→ What is expected
Nothing but the lines from the one containing "The Vampire Lestat Rock Concert Poster" to the end of the data should be returned, each exactly as written.

→ Exercise materials
*** Begin section ***

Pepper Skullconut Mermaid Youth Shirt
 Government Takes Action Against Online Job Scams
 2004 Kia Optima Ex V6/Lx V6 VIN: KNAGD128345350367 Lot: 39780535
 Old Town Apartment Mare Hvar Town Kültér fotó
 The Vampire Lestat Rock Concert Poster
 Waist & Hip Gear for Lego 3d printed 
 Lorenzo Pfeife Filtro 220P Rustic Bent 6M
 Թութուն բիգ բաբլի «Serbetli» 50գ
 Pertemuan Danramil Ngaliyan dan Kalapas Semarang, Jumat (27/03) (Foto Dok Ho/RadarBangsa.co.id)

*** End section ***

→ Task response
 The Vampire Lestat Rock Concert Poster
 Waist & Hip Gear for Lego 3d printed 
 Lorenzo Pfeife Filtro 220P Rustic Bent 6M
 Թութուն բիգ բաբլի «Serbetli» 50գ
 Pertemuan Danramil Ngaliyan dan Kalapas Semarang, Jumat (27/03) (Foto Dok Ho/RadarBangsa.co.id)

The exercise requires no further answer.